The needs are enormous, and Concern has been active in Liberia for 23 years working to offset the effects of poverty. This includes helping with clean water initiatives to support the 42.5% of Liberians without access to protected wells, nutritional programs to offset the 35.5% of children who are stunted, and initiatives against malaria and gender-based violence.

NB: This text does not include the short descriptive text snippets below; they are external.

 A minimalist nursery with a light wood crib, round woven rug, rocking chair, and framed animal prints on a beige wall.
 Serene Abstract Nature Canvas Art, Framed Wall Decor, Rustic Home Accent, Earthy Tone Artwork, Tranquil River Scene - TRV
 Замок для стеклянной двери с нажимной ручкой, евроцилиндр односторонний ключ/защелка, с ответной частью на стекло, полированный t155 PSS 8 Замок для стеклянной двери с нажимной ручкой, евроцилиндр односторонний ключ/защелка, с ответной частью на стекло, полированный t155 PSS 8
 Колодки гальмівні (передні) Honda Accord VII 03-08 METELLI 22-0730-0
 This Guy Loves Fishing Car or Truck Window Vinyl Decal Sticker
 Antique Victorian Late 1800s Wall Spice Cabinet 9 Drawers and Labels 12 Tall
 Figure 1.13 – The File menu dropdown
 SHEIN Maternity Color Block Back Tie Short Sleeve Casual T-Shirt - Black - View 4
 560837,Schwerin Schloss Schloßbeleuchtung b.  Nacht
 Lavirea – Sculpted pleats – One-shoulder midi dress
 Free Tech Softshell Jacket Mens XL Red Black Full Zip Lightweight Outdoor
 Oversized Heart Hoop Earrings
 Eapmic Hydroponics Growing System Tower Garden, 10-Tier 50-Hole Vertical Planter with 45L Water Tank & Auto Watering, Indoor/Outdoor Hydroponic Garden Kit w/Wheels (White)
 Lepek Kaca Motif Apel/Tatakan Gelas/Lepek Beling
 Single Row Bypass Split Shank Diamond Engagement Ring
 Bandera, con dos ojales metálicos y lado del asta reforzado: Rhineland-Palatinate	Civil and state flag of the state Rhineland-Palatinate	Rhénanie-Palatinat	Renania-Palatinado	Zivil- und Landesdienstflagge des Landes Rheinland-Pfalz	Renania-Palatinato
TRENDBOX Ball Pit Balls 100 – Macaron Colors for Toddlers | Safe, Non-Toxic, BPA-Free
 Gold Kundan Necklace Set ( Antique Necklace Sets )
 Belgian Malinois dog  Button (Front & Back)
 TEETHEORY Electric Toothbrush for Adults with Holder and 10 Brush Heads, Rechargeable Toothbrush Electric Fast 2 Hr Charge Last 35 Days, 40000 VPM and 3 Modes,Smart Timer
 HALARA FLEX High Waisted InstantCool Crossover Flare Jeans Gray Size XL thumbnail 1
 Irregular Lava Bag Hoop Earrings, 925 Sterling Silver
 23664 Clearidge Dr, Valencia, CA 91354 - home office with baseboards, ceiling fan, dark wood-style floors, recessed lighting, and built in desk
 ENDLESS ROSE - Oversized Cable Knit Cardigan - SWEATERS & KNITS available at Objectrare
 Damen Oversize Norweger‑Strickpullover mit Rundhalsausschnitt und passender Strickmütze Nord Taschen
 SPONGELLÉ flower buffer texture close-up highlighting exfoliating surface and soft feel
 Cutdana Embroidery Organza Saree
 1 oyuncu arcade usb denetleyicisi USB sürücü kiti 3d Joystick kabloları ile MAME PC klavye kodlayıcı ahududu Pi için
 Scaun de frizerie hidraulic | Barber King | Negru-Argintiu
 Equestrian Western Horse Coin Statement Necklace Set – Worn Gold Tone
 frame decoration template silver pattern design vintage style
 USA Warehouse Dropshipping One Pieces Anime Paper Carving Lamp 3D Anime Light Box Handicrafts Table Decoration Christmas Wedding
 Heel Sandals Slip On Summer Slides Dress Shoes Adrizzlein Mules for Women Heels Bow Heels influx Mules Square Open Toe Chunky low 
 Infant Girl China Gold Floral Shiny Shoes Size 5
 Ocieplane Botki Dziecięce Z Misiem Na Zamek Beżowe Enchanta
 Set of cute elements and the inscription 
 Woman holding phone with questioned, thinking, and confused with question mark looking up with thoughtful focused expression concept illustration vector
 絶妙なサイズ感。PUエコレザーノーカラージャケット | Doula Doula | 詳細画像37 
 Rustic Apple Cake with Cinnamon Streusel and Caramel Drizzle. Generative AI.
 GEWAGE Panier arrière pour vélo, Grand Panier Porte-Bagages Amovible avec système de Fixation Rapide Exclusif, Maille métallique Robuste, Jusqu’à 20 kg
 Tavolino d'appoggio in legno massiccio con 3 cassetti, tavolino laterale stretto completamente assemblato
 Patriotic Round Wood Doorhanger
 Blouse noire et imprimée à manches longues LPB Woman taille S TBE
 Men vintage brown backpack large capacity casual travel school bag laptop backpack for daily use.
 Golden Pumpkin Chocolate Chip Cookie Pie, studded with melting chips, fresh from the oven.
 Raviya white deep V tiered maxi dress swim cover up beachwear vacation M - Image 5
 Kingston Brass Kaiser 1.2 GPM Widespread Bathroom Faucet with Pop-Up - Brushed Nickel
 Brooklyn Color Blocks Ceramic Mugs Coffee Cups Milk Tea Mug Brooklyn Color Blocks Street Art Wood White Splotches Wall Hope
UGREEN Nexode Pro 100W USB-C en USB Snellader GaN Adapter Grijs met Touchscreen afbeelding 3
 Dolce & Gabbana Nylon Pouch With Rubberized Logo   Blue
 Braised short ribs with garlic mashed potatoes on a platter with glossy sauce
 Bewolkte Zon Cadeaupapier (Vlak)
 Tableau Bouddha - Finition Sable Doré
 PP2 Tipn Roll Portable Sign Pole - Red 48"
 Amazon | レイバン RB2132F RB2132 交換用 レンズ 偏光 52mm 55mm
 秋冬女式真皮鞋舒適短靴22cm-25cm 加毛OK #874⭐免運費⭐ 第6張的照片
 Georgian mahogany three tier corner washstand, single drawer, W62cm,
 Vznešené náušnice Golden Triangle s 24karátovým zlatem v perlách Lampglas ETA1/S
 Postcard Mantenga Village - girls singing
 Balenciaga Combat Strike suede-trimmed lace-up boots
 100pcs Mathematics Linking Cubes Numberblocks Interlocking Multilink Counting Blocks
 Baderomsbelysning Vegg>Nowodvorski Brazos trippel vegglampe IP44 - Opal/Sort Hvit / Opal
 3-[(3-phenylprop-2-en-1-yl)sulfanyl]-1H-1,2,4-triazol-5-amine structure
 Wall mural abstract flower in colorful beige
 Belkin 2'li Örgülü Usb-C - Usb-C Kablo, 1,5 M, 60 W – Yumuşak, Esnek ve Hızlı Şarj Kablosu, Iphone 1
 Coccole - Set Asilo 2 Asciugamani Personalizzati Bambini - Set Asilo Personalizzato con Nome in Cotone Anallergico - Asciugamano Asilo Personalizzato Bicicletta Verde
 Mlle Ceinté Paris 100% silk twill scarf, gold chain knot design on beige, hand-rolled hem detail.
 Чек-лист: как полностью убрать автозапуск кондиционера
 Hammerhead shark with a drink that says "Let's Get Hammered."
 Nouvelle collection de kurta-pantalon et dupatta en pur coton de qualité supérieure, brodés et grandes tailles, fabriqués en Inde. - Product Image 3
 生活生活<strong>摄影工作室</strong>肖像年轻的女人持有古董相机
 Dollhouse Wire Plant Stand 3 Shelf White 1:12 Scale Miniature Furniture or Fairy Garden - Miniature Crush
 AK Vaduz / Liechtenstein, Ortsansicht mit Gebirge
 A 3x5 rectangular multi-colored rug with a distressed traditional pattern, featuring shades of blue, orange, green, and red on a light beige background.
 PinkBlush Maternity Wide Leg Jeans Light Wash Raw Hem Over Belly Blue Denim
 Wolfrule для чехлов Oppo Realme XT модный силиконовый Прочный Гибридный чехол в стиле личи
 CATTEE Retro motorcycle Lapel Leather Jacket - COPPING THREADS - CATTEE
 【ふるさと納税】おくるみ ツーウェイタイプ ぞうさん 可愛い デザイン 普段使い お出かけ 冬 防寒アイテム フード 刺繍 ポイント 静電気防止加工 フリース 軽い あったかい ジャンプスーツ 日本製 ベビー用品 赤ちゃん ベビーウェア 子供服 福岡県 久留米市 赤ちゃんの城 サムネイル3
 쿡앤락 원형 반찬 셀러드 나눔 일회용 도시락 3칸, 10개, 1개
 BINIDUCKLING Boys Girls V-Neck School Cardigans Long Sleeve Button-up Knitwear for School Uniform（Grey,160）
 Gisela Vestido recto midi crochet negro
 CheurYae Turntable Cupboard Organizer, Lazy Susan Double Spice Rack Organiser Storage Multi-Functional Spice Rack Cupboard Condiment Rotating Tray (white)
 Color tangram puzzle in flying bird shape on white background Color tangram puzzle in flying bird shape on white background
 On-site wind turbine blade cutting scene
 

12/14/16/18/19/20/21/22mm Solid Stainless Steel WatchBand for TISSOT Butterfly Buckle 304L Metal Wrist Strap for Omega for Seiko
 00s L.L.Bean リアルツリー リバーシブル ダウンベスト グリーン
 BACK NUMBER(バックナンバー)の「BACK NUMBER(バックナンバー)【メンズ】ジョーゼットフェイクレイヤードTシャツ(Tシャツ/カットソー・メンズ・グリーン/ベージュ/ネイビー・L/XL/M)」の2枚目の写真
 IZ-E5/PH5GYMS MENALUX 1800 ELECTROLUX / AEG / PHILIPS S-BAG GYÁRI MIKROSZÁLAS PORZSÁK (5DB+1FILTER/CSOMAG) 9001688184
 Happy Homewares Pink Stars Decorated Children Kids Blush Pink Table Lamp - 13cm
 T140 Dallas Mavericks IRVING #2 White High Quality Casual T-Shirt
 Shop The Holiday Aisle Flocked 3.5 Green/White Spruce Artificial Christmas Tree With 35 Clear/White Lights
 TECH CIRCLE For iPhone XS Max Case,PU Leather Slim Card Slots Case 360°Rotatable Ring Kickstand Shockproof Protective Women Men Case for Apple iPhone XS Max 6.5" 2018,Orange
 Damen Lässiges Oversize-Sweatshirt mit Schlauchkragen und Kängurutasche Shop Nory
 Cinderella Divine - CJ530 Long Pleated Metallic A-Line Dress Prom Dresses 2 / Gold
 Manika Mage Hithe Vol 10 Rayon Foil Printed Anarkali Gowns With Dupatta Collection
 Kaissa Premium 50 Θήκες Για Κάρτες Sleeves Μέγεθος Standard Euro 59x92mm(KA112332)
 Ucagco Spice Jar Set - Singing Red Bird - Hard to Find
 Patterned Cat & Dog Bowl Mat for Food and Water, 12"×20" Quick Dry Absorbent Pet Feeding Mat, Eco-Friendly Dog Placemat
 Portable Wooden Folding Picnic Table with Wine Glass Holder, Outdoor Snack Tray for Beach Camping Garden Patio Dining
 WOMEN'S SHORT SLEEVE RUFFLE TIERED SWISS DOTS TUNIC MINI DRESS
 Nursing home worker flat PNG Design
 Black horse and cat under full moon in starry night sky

The fourth-largest country on the African continent, Mali’s capital of Timbuktu once flourished as a trading post. Today, however, the country (which gained independence from France in 1960) has a GNI per capita of $1,953 and a life expectancy of 58.5. Ongoing war and conflict mean that the mean years of schooling in the country is just 2.3 (compared to an expected 7.7 years of schooling). The World Bank’s most recent data from 2009 reveal that over 41% of the population lives below the poverty line.
7. Burkina Faso
Bordered by both Mali (#8) and Niger (#1), Burkina Faso is another former French colony that has suffered conflict and coups following its independence in 1960. Drought has also plagued the country, resulting in a mean 1.5 years of schooling compared to the expected 8.5 years. Burkina Faso’s GNI per capita is $1,650, with a life expectancy of 60.8. The World Bank’s 2014 data indicate just over 40% of the population living in poverty.
6. Sierra Leone
A UN peacekeeping mission helped to quell Sierra Leone’s 11-year civil war in 2002. While the country’s economy has grown in peacetime, it was one of the two countries hit hardest by the 2014-16 Ebola epidemic alongside Liberia (#9). The World Bank’s most recent data predates this epidemic, with 2011 estimates indicating nearly 53% of Sierra Leoneans living below the poverty line. The country has a life expectancy of 52.2 years, with a GNI per capita of $1,240 and a mean years of schooling at 3.5 (compared to the expected 9.8 years).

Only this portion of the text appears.